While both Turner and Arm had their musical roots in the hardcore scene, Mudhoney was considered more of a punk band. “We definitely considered ourselves a punk band – we didn’t feel much affinity with the hardcore bands, even though that’s where we came from,” Turner says. By the early ’90s punk had been appropriated and re-branded by the mainstream music industry and media as ‘grunge’. For Turner, what became known as grunge, had always been punk. “I thought of bands like Killdozer and Dinosaur Jr as punk bands. The scene was what it was – you could argue that the punk scene around 1986-1988 was the grunge scene,” Turner says.
Having made its mark with the early singles Touch Me I’m Sick, the cover of The Dicks’ Hate The Police and the Superfuzz Bigmuff EP released on the Seattle label SubPop, Mudhoney eventually signed a deal with Reprise Records, where the band would stay until the late ’90s. Turner says the experience of working with a major label wasn’t as bad as many in the punk rock world might expect. “I don’t know if we didn’t learn anything that we didn’t already know,” he says. “We got a good deal, and they really left us alone. But by the time we left, I think we’d been there a bit too long – we stayed so that we could use the recording budget they gave us.” Mudhoney subsequently returned to its SubPop origins, after the label arrested its potential terminal decline after a series of financial calamities. “I don’t see us leaving SubPop, unless it stops completely,” Turner says. “The whole industry has changed so much, and we’d never be on a major label again.”
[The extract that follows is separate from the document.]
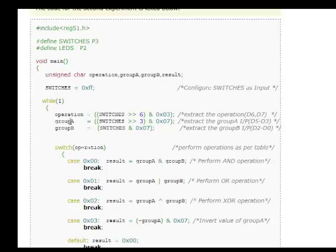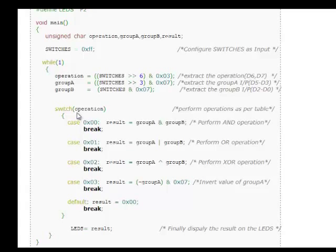In 8051 C we use unsigned char most of the time because it takes only 8 bits and saves memory. We have four variables: operation, group_a, group_b, and result. To get the operation we take switches, shift right by six, and AND with 3. To get group A we shift right by three and AND with 7. For group B we just AND with 7. Then we use a switch-case: if operation is 0, result = group_a & group_b; for OR, XOR, and invert similarly. We take the result and show it on the LEDs — a tiny logical calculator using LEDs and switches.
As for Mudhoney’s infamous show at The Tote when they were cajoled onto the stage for a set of covers, only to be confronted by a typically excited Ian Rilen participating in a chook raffle, Turner’s memories are hazy at best. “We were all so fucked up at that show,” he laughs. “I’m not even sure what a chook raffle is! But we knew who Ian Rilen was, because we’d heard X-Aspirations. It was great to meet him, and to hang out with him,” Turner says.
Rilen’s dedication to the rock ‘n’ roll cause presumably has had some subconscious effect on the members of Mudhoney: to see Mudhoney these days is to witness a bunch of grown-up kids still enjoying punk rock with the same youthful enthusiasm of yore. The title of Mudhoney’s last record, The Lucky Ones, suggests the band is acutely aware of its fortunate position in punk rock history. “We’re still here, and we get to do what we want to do,” Turner says. “And with our last record, we got to make a good record, which was lucky!”
And what of the nihilistic attitude conveyed in the lyric “No-one gives a shit what I do, so I’ll do it anyway” from the opening track of Turner’s solo record from a few years ago? “That’s kind of a freeing thought,” Turner explains. “It’s a happy thought, not a nihilistic thing. I’m happy doing what I’m doing. I like going to see shitty little bands!” Turner laughs.